По словам Уэстлейка, дом Нота разрушил огонь русской артиллерии. Сохранилась лишь одна комната сзади, в которой и продолжал жить Нот. Уэстлейк осмотрел эту комнату. Там оказались лишь кровать, стол и подсвечник. И на столе обрамленные фотографии Хельги, Рези и жены Нота.

И книга. Немецкий перевод «Размышлений» Марка Аврелия.

Как такой убогий журнальчик приобрел такую отличную статью? Редакция не сомневалась, что читатель клюнет на описание самого процесса казни.

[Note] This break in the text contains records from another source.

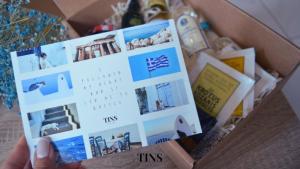 a person holding up a calendar in a box at Tins Hotel City - Athens in Athens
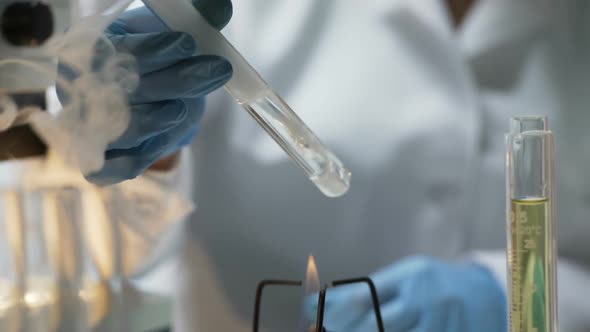 Chemistry Student Holding Tube With Boiling Fuming Liquid Over Burner in Lab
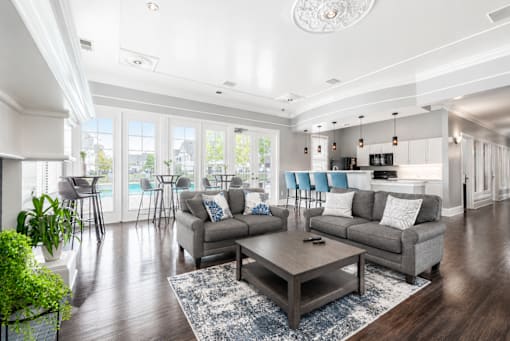 A living room with a grey sofa, a grey coffee table, and a white ceiling.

Мой тесть стоял на табуретке высотой дюйма в четыре. На шею ему накинули петлю, конец веревки захлестнули за сук цветущей яблони. А затем вышибли табуретку у него из-под ног, Чтоб он подрыгался, пока петля его не задушит.

Здорово?

Он приходил в себя восемь раз. А вешали его девять.

И лишь на девятый раз его покинули остатки мужества и достоинства. Лишь на девятый раз в нем проснулся испуганный мучениями ребенок.

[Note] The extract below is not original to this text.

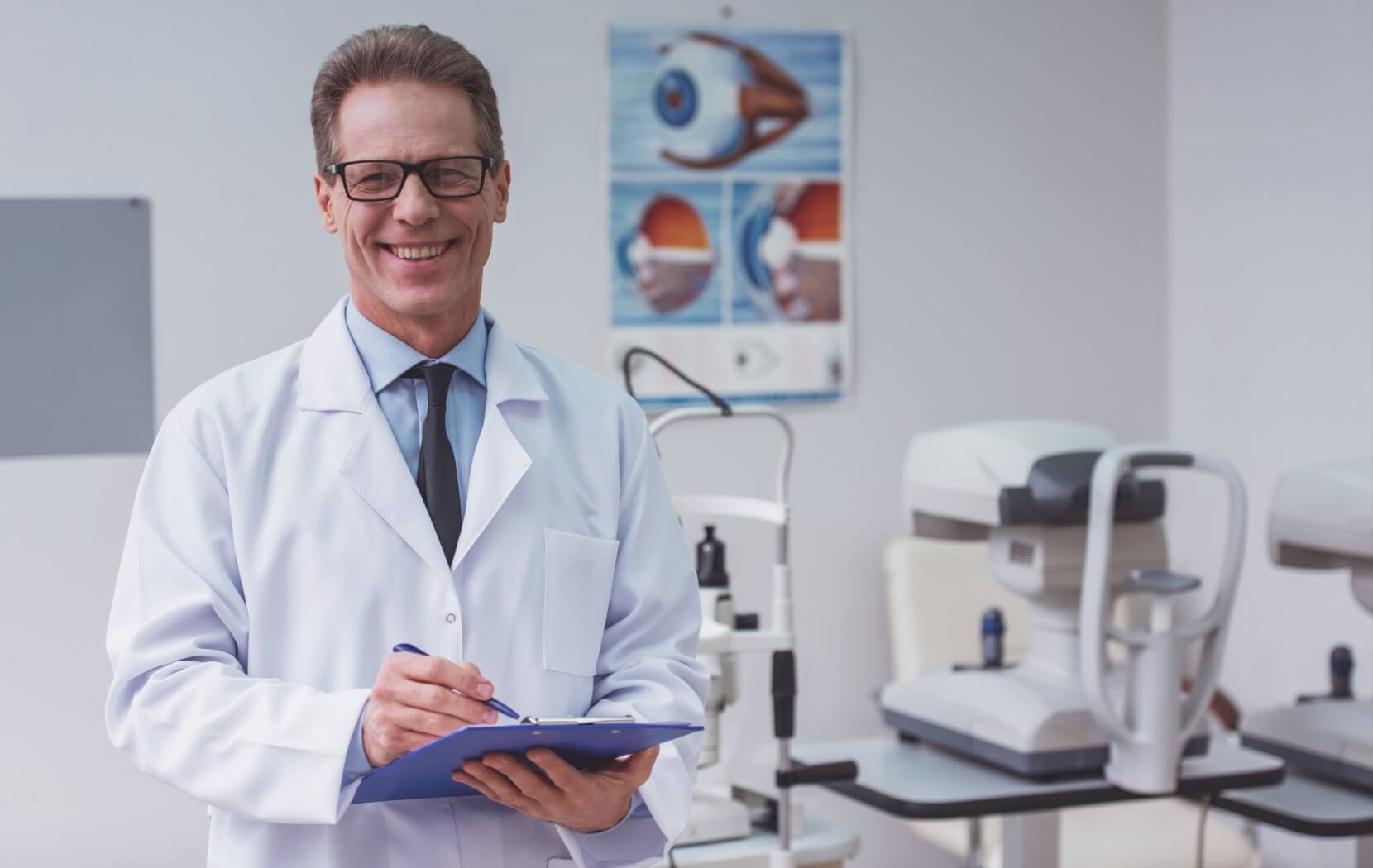 An Optometrist stands smiling in their brightly lit office, several pieces of eye exam equipment are behind them.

«За то, что он показал это, — писал Уэстлейк, — Нот был вознагражден тем, чего жаждал больше всего на свете. Он был вознагражден смертью. Умер он с эрекцией, и ноги у него были босы».

Я перевернул страницу посмотреть, есть ли там еще что-нибудь. Оказалось, есть, только уже другое. На весь разворот снимок хорошенькой дамочки, раздвинувшей ноги и высунувшей язык.

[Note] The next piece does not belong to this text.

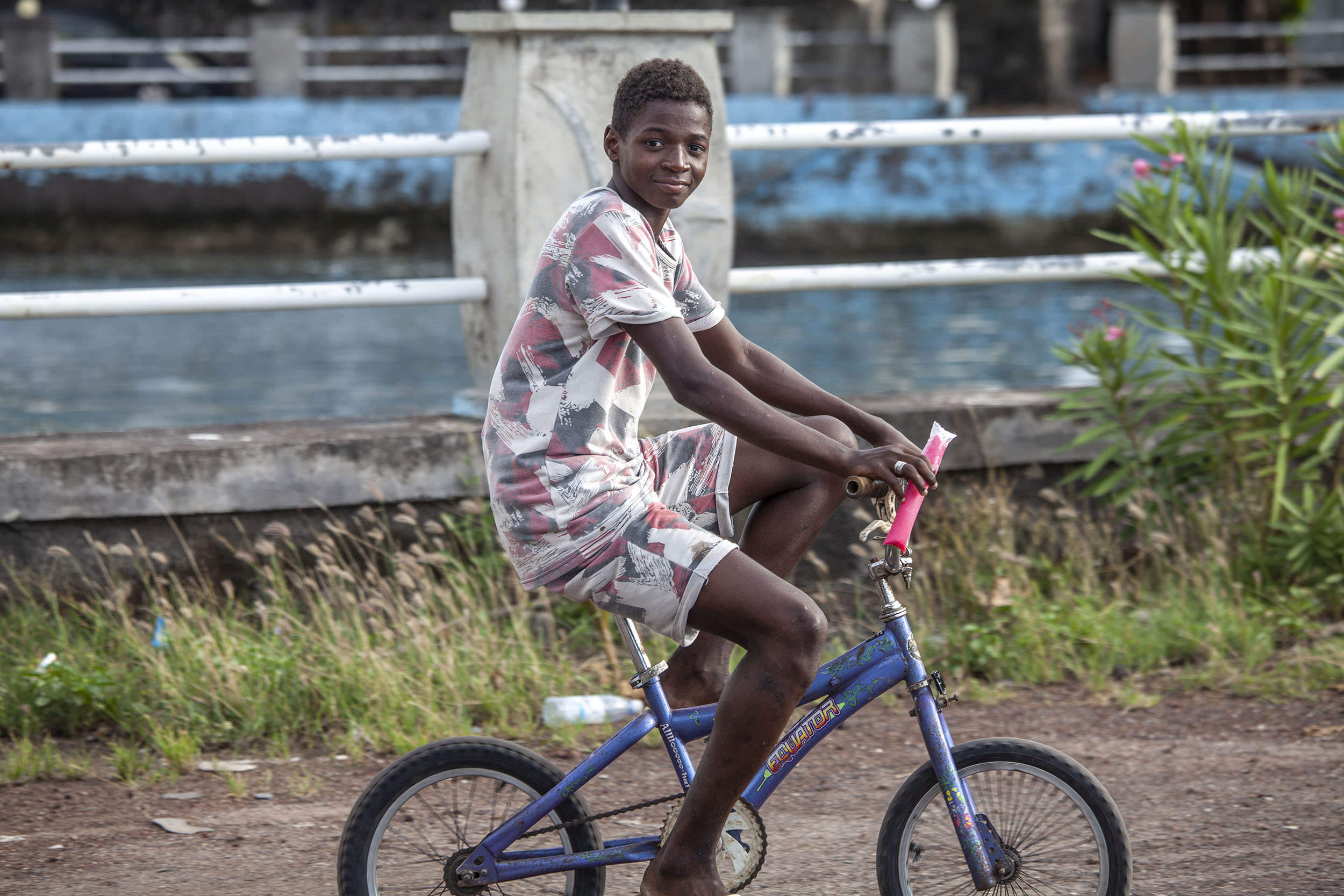 Boy riding bicycle in Iconi Comoros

Парикмахер стряхнул волосы клиента с салфетки, которую теперь повяжет мне.

— Следующий, — крикнул мне парикмахер.

21: МОЙ ЛУЧШИЙ ДРУГ…

Я говорил уже, что заезжал к Ноту попрощаться на ворованном мотоцикле. Сейчас объясню.

Я его не то чтобы украл, но позаимствовал без отдачи у Хайнца Шилдкнехта, партнера по пинг-понгу и самого близкого моего друга в Германии.

Мы пили вместе и часто беседовали за полночь, особенно после того, как оба потеряли жен.

— Я чувствую, что могу сказать тебе все — абсолютно все, — признался мне Хайнц как-то ночью ближе к концу войны.

— А я — тебе, Хайнц, — ответил я.

— Все, что у меня есть — твое.

— Все, что у меня есть — твое, Хайнц, — ответил я.

Имущества-то у нас у обоих было кот наплакал. Дома не было ни у него, ни у меня. Вся недвижимость и мебель погибли в бомбежках. Часы, машинка и велосипед — вот, практически, все, что у меня осталось. А Хайнц давно сменял на сигареты и часы, и машинку, и даже обручальное кольцо. Одно лишь у него осталось в этой юдоли печали — мотоцикл. Не считая, конечно, моей дружбы, да рубахи на спине.

— Случись что с мотоциклом, — говорил он, — и я — нищий. — Хайнц оглянулся проверить, не подслушивает ли кто. — Открою тебе страшную тайну.

— Лучше не надо, если тебе не хочется, — запротестовал я.

— Хочется, — возразил Хайнц. — Ты единственный, кому я могу доверить даже самое ужасное. А то, что я тебе скажу, — ужасно.

Мы с Хайнцем пили и болтали в доте подле общежития, в котором оба ночевали. Дот построили совсем недавно для обороны Берлина, строили рабы. Ни гарнизона, ни вооружения в дот еще не поставили — настолько близко русские еще не подошли.

Между мной и Хайнцем стояли бутылка и свеча. Хайнц поведал мне свою ужасную тайну. Он был пьян.